Florida’s governor has just made a very poor decision. He has vetoed a bill which would have brought a remarkable level of accountability to Florida’s public school teachers. Here’s the skinny:
Republican Gov. Charlie Crist announced shortly after noon today that he had vetoed the controversial merit pay bill that would end tenure for public school teachers and base future pay raises mostly on student test scores.
“This bill is contrary to my firmly held principle to act in the best interest of the people of Florida,” Crist said. “It is the right thing to do.”

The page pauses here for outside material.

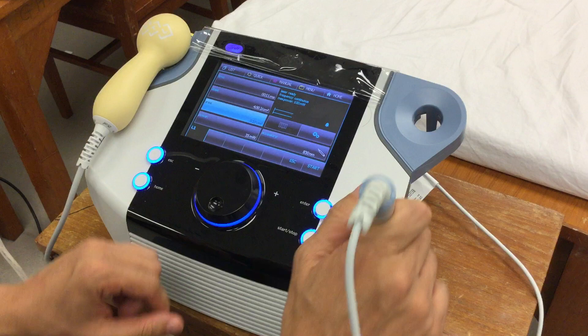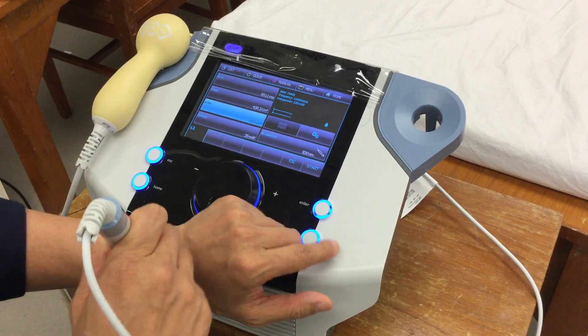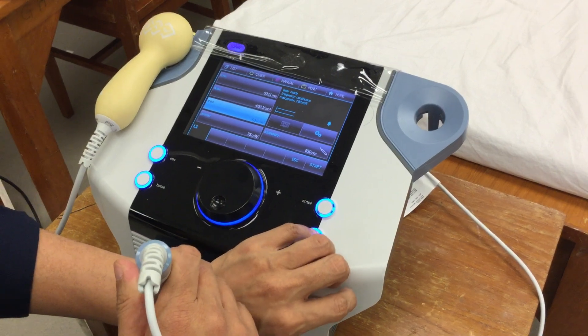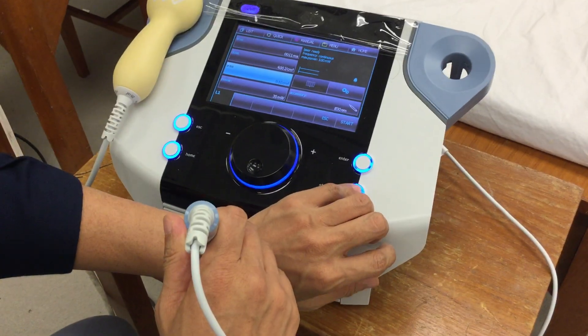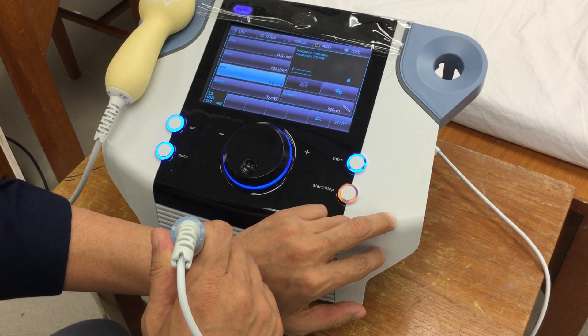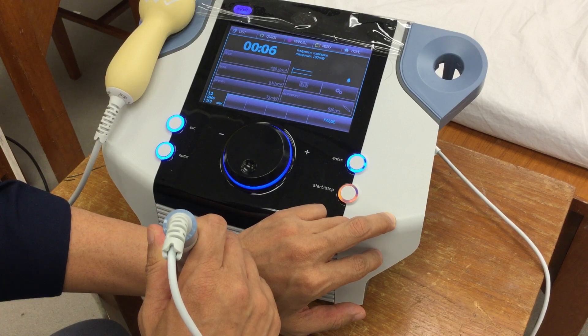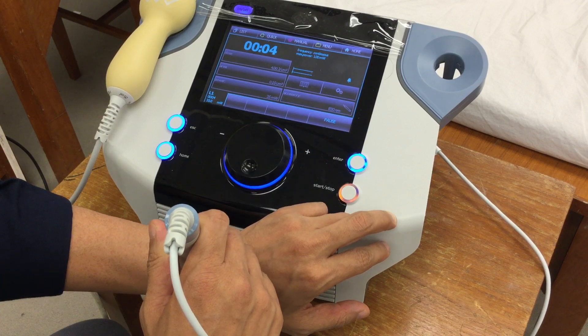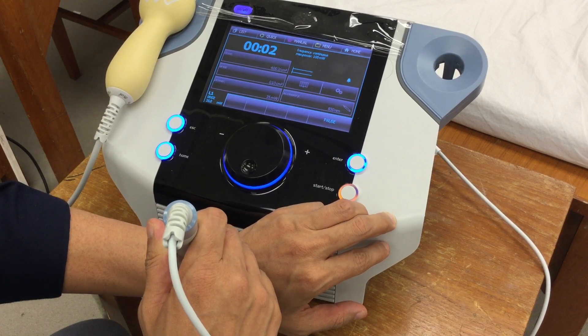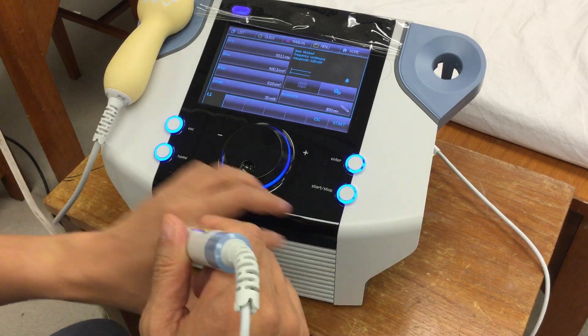Then you simply press the start button. Press the start button here, and it will give you the time automatically. When it's done, it will stop.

In vetoing the bill (SB 6), Crist attacked its most monumental change in the system: a plan to eliminate multi-year contracts for teachers, commonly known as tenure, and replace it with annual deals.
Further down in the article, the governor talks about how the bill was rushed through and that it was not created with input from all of the participants, etc.
Here’s the thing, though, Florida legislators have been working toward this point for about 10 years now. For the governor to claim that it was rushed through and that this is too much too soon is disingenuous at best.
Governor Crist has known exactly what was going on with this and has known for a long, long time. The real issue is that he is not truly interested in seeing what new things (such as incorporating “pay for performance” criteria for teachers) might be able to increase the capabilities of Florida’s public school system. Rather, the governor couches his veto behind “act[ing] in the best interests of the people of Florida” while he seeks to continue a system which has been shown to work against the best interests of the citizens of Florida–though not the teachers unions.
It should be remarkably apparent to all Floridians who believe in achievements which are based on merit that Crist will not be the one to champion that principle from the governor’s office.